== Segment start ==

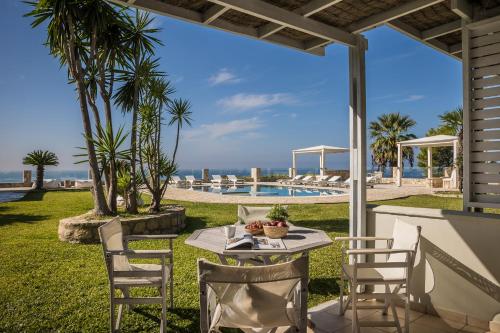 Agnanti Suites 2
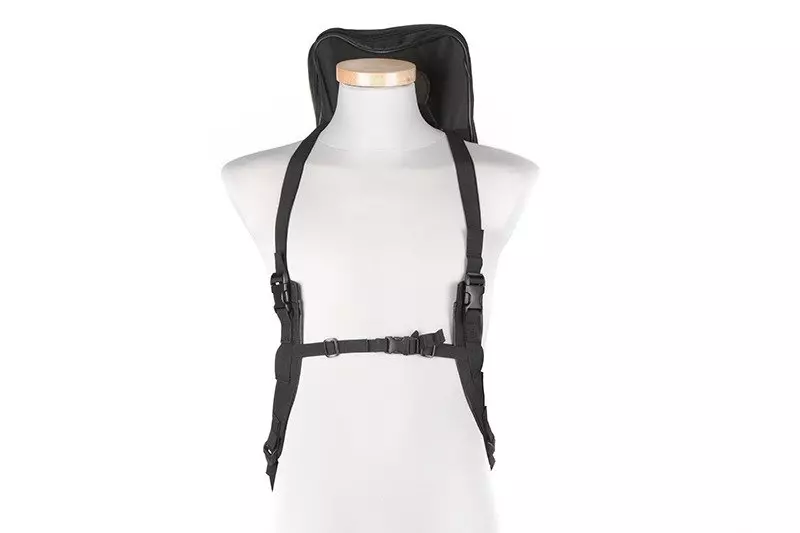 Pokrowiec na broń - 1200mm OLIVE OD-G-GFT-22-000895-00 asgbox.pl Pokrowiec na broń - 1200mm OLIVE - obrazek 3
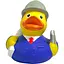 Утка FunnyDucks Инженер (1340) - миниатюра 1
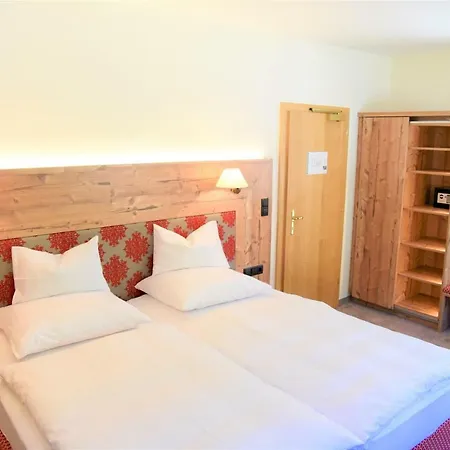 Dr. Otto Murr Hotel Sankt Anton am Arlberg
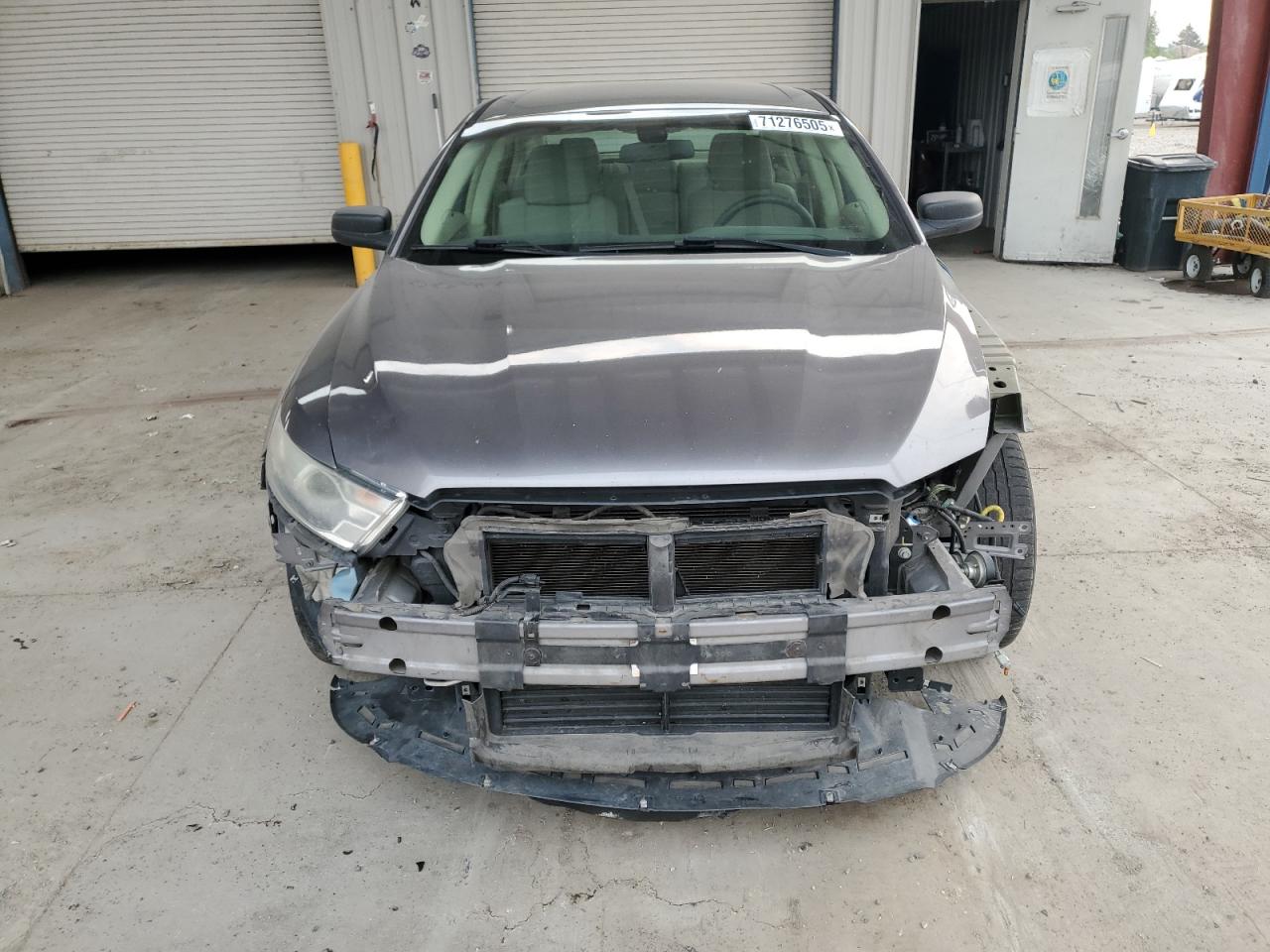 Ford Taurus Se
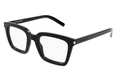 Lunettes de vue Saint Laurent Corner Angle SL 167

== Segment end ==

**Directions for this task:** Could you write out the records again exactly, without any of their pictures?

**Exercise response:**
 Agnanti Suites 2
 Pokrowiec na broń - 1200mm OLIVE OD-G-GFT-22-000895-00 asgbox.pl Pokrowiec na broń - 1200mm OLIVE - obrazek 3
 Утка FunnyDucks Инженер (1340) - миниатюра 1
 Dr. Otto Murr Hotel Sankt Anton am Arlberg
 Ford Taurus Se
 Lunettes de vue Saint Laurent Corner Angle SL 167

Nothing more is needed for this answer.